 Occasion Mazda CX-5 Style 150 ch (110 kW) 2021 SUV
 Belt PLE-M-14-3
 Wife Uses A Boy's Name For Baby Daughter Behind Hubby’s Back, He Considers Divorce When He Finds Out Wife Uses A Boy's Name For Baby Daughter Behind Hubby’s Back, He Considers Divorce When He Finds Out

...

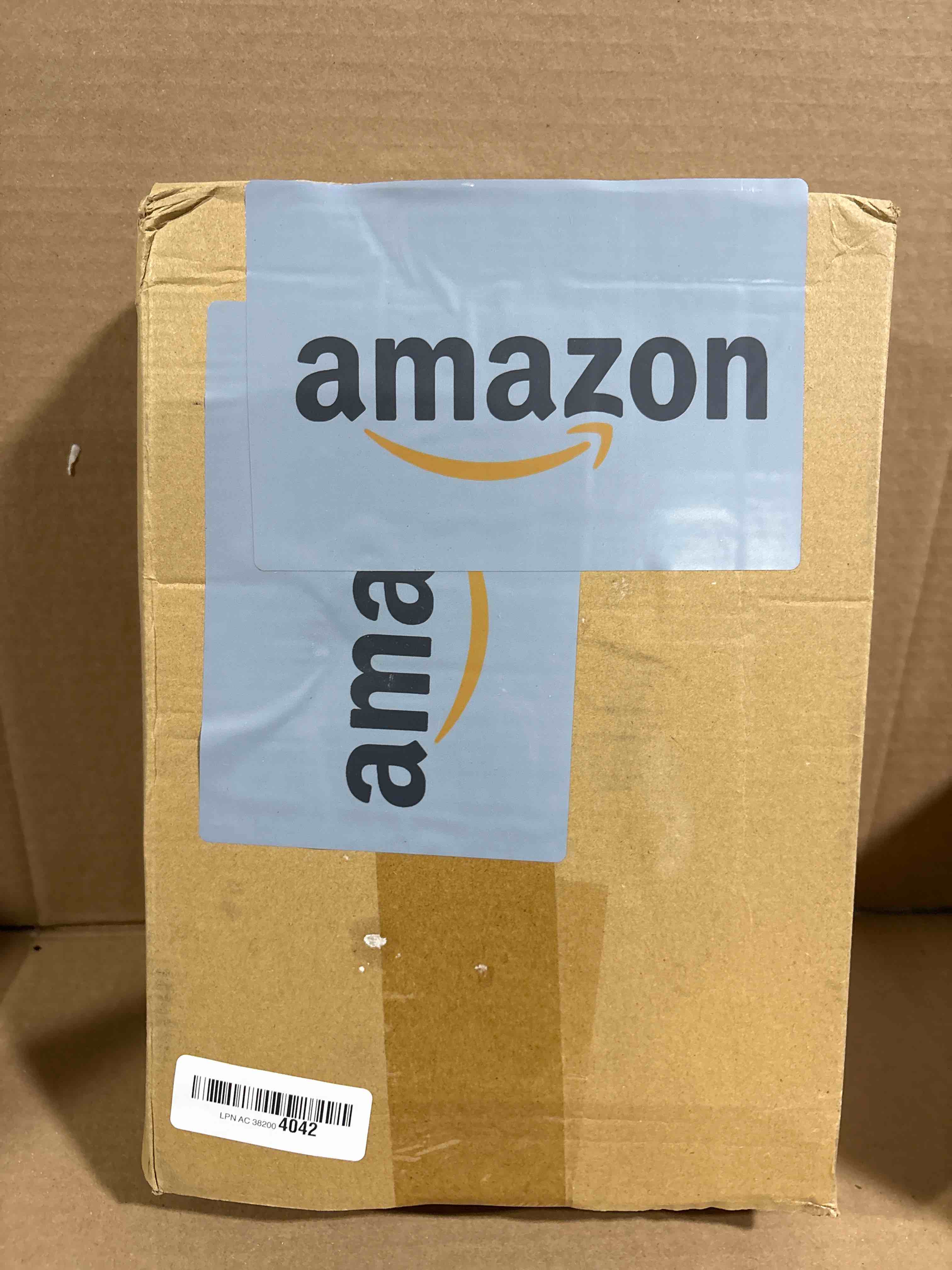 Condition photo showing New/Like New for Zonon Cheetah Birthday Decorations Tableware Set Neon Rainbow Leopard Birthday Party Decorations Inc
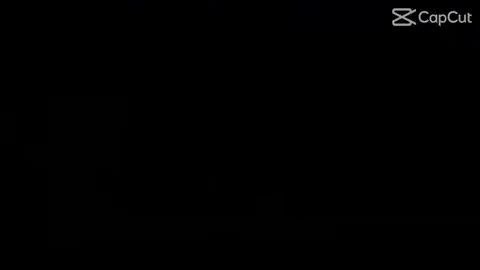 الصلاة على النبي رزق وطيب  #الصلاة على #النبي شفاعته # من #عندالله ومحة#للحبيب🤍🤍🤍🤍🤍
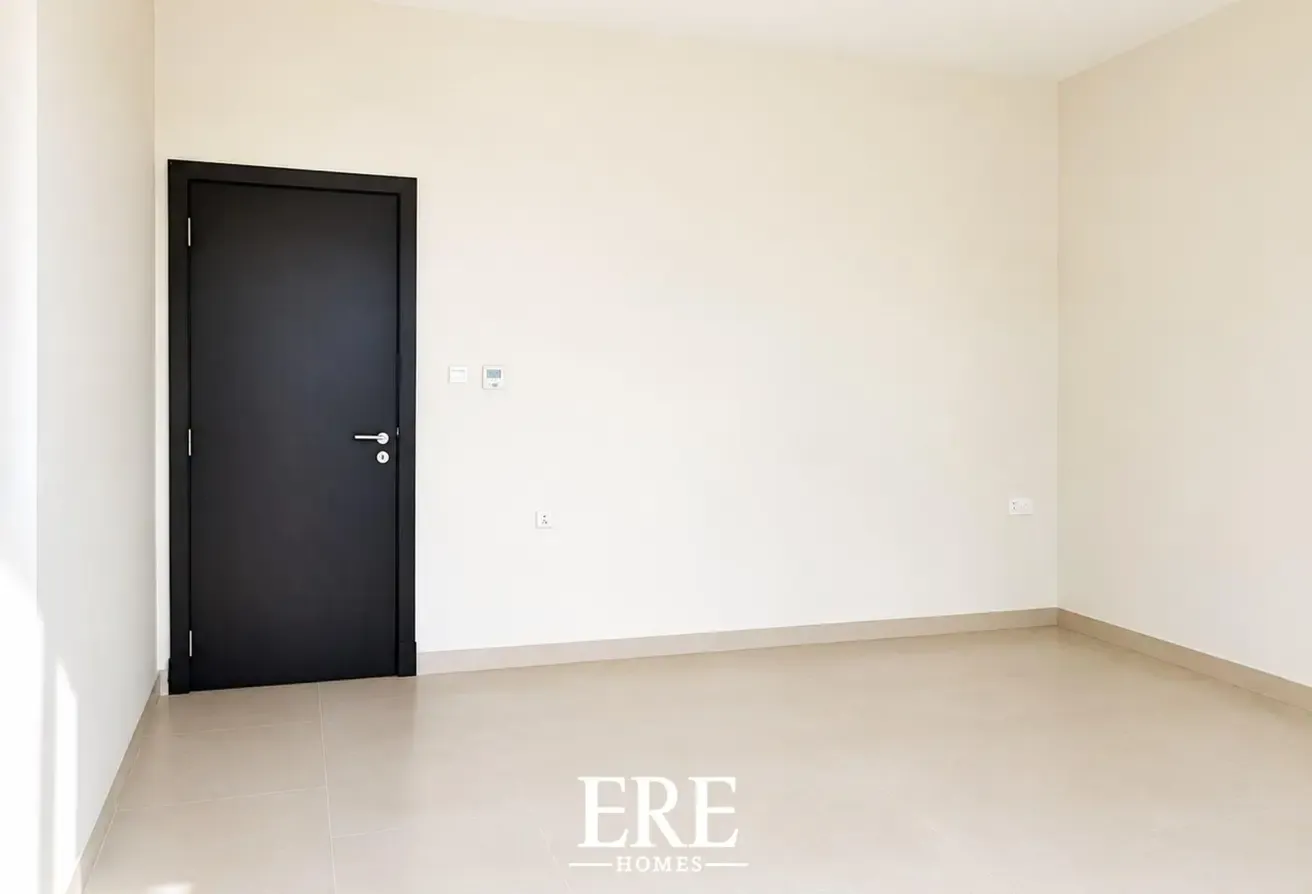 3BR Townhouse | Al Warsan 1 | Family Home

==

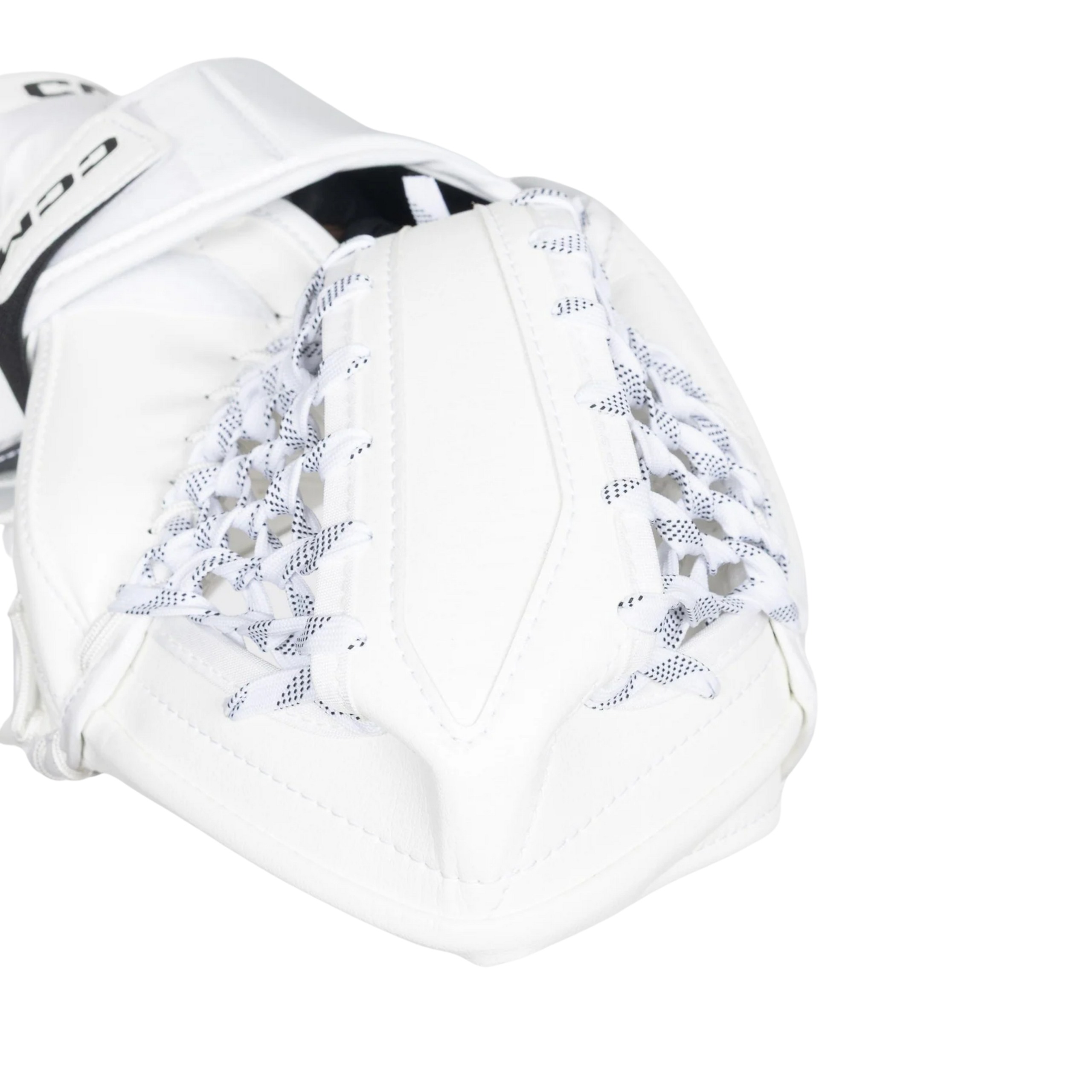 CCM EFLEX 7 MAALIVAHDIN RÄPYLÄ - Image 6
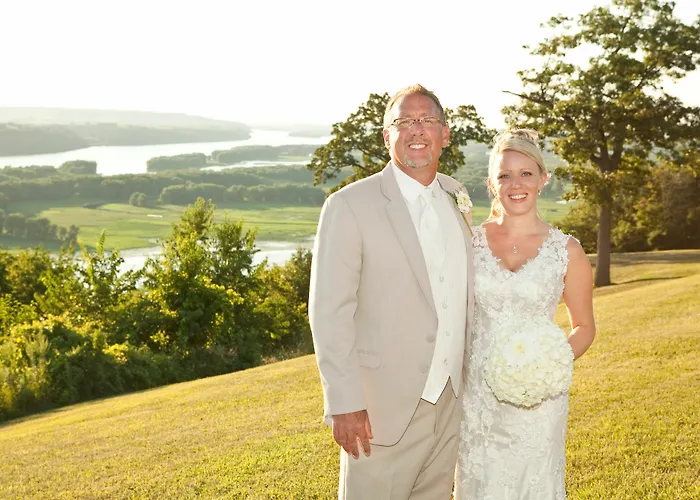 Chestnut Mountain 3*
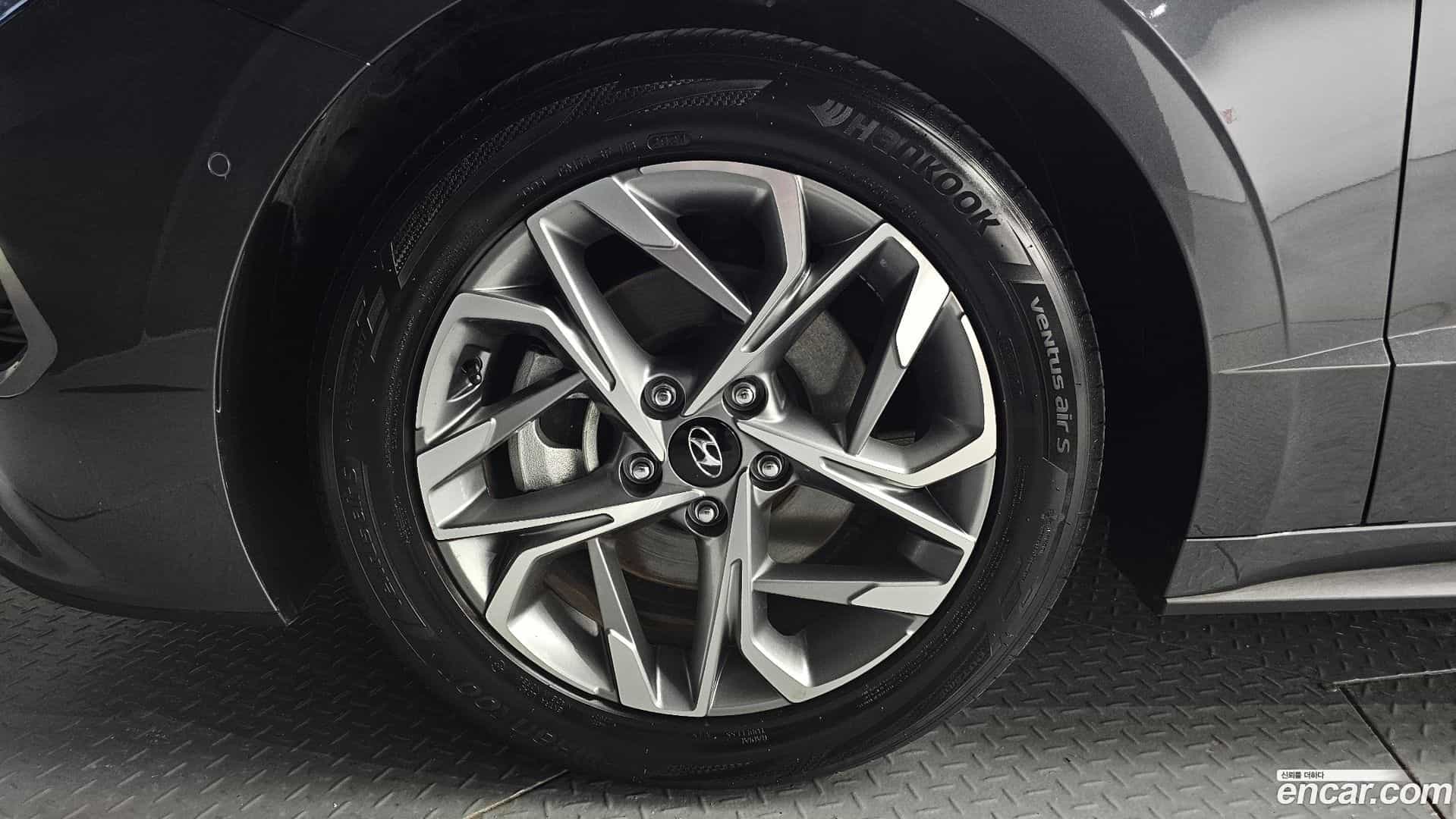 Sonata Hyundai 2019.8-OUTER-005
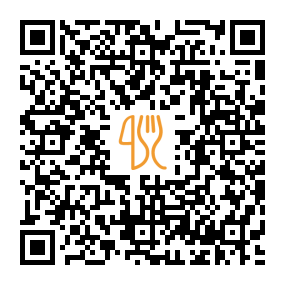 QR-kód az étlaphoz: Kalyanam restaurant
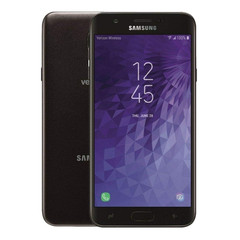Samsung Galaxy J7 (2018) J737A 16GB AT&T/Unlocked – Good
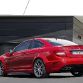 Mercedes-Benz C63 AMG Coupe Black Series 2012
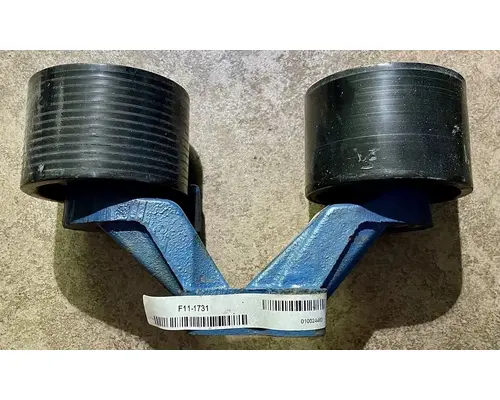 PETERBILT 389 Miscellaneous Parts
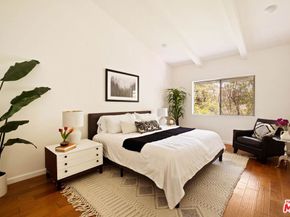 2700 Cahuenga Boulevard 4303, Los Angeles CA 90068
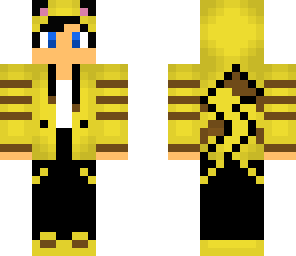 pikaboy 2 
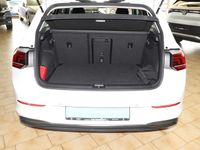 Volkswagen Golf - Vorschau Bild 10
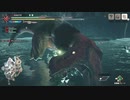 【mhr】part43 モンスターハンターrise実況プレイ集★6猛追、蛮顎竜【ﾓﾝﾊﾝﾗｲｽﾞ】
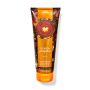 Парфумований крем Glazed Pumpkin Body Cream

_Task brief_
Using the data above, print only the lines starting at the one with "CCM EFLEX 7 MAALIVAHDIN RÄPYLÄ - Image 6" and ending at the one with "Парфумований крем Glazed Pumpkin Body Cream", exactly as they stand, minus the pictures.

_The answer_
 CCM EFLEX 7 MAALIVAHDIN RÄPYLÄ - Image 6
 Chestnut Mountain 3*
 Sonata Hyundai 2019.8-OUTER-005
 QR-kód az étlaphoz: Kalyanam restaurant
Samsung Galaxy J7 (2018) J737A 16GB AT&T/Unlocked – Good
 Mercedes-Benz C63 AMG Coupe Black Series 2012
 PETERBILT 389 Miscellaneous Parts
 2700 Cahuenga Boulevard 4303, Los Angeles CA 90068
 pikaboy 2 
 Volkswagen Golf - Vorschau Bild 10
 【mhr】part43 モンスターハンターrise実況プレイ集★6猛追、蛮顎竜【ﾓﾝﾊﾝﾗｲｽﾞ】
 Парфумований крем Glazed Pumpkin Body Cream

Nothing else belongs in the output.